Never has someone (with such spiky hair) taken something so negative and tried to spin it so positively so quickly. The review was in yesterday’s paper. It was also mentioned on the NBC Nightly News that night. Apparently Brian thought it was noteworthy enough to include it on the broadcast the same day as the President’s first news conference in 8 months (and the first one after his reelection). Too bad Obama wasn’t asked about the review.

Then Guy was on the Today show this morning in 2 different segments. The first was when Savannah interviewed him in his restaurant. So what did Guy think of the review? He said, “I just thought it was ridiculous... It went so overboard it really seemed like there was another agenda… I think we all know what’s going on here.” I guess he was referring to Pete Wells welcoming the opportunity to skewer a celebrity chef who is also, yee-gads!, NOT a New Yorker.

But Savannah did mention that Yelp had given him only 2 1/2 stars out of five and she pointed out that it wasn’t really “knocking their socks off”. He said after 2½ months he wouldn’t have expected that to be the case. He added, of course, that they’re TRYING as hard as they can to do things perfectly, but he said, “Let’s see where we are in SIX months.”

That seems a little lackadaisical, which I actually don’t think Guy is. Apparently he brought in his own “team” from California who trained the folks in the New York restaurant, both in front and in back of the house. It seems clear that either they opened too soon or they needed better training or BOTH.

There is one thing I strongly disagree with Guy on. He questioned Pete Wells visiting the restaurant ONLY 4 times before doing his review. Guy’s point was that that was not enough for “a restaurant of this size”.  I think 4 times is a lot, and certainly more time than a regular paying customer would give to a restaurant that had been such a bad experience.
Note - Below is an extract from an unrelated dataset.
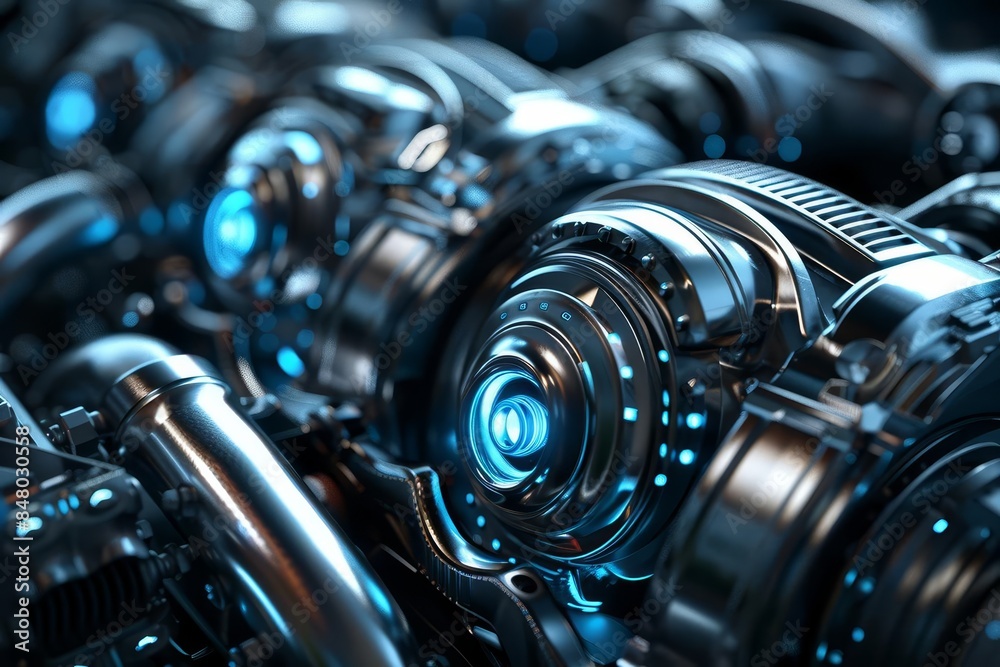Futuristic engine with sleek design, metallic textures, hightech, digital rendering Futuristic engine with sleek design, metallic textures, hightech, digital rendering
But wait, there’s more. The Today Show said they were going to be taste-testing his food. I was excited. I thought they’d bring on some local chefs or culinary professionals to add their learned opinions to Pete Wells’ blasting of just about every aspect of every dish. (Obviously it couldn’t be anyone with a Food Network connection.)  But, no, they had a doctor (oh wait, it was Dr. PHIL…does that count?), a lawyer and an ad professional. The last one, I get, but the first two?  AND it wasn’t a real food tasting either. They just sat around eating a bit of the dishes before their segment was on.  

What did they think? Donny Deutsch, the ad guy with the tight pants, was thrilled for Guy and the publicity this was bringing him. He said put a big sign in the window for critics to stay out. Lawyer Starrrrrr Jones hated that the review was mean-spirited. That I can’t disagree with.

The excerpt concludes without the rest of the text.